For some reason, the mystery in the show seemed a lot less epic than I remembered...I feel like I missed one of the background episodes somehow - especially in regards to all the stuff that happened in the past, Rei's history, and the ramp up to the Eva project (though I did watch the episode that covered this!). I finally did watch the full version of End of Evangelion and I gave the first half a big thumbs up...but found the ending no more satisfying than the anticlimactic ending to the TV show. I'm probably not going to watch it again anytime soon...though I'll probably feel the itch again the next time I roll through Xenogears (now that I've finished that, I'm all in the mood for Xenosaga again...)

Series of Unfortunate Events

I'm finally getting around to writing book reviews for all the stuff that I've read over the past few months. Farthest back in my queue is A Series of Unfortunate Events, by Lemony Snicket (note: SPOLIER ALERT for anyone who thinks they might read these)

Quick overview: The series consists of 13 books that chronicle the lives of the Baudelaire orphans, whose parents have just died in a mysterious fire. They have a large inheritance that is being held for them until they come of age, and the book chronciles their (mis)adventures as they try to elude the villainous Count Olaf, who is trying to seize their money.

The books are written really well - my main reaction reading this is that I would have LOVED it when I was a kid. They're written for people who love reading - lots of obvious (and not so obvious) literary references, black humor, complicated and made-up words, and a wheels-within-wheels type mystery. The books start out with a standard formula: the kids move to a new foster home with a distant relative, Count Olaf shows up in disguise and hatches some scheme, the kids foil it, and they are forced to move on somewhere else. It gets grating after awhile, but luckily these books are quick reads, and the series switches gears after the 6th book, when they start learning more about the events that their parents were mixed up in, and after the 7th book, when the Baudelaires are on the run after being framed for murder.

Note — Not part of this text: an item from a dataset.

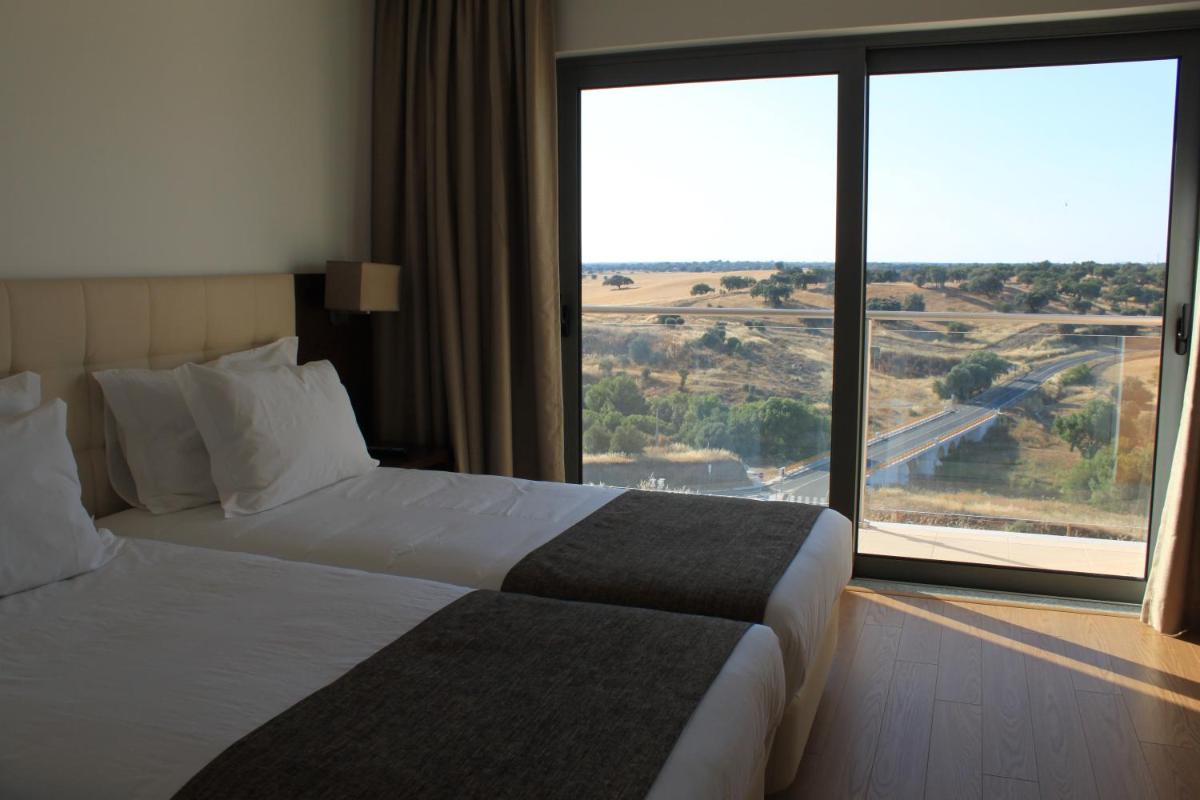 Uma cama ou camas num quarto em Hotel O Gato & Spa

In the end, it very much is not a children's book. The line between good and evil blurs slowly over the couse of the book, as we get some insight into the pasts of many of the villains and the good guys aren't revealed to be all that good at times. At several points towards the end the main characters wonder whether they've become villains themselves. The children are exposed to the adult world, which has very few sympathetic characters, even among those who were helpful to the children (not to mention the fact that the most sympathetic characters tend to end up dead).

In the end, they are eventually freed from Count Olaf's interference, and have seen a lot of their preconceptions about the world and their parents torn down. They've seen the world, and it's just pretty nasty and petty in general and are questioning their own actions. Whether I view the ending as good or bad depends on how I'm feeling...if I'm in a good mood and feeling optimistic, then I think that they will be able to use the lessons they've learned from their mistakes (and the many mistakes etc of the people they encountered) to raise and educate Beatrice and be positive forces for change in the deeply flawed world around them. If I'm feeling grouchy, then I feel that the Baudelaires are doomed to repeat the mistakes of the previous generation. Most of the mystery surrounding Count Olaf, VFD, and the events of the past are left unsolved, which left me feeling deeply unsatisfied and almost cheated in a way. But, maybe the fact that the children seem to be letting go of all of this baggage from the past is a sign that history will not repeat itself, and the optimist in me is the winner.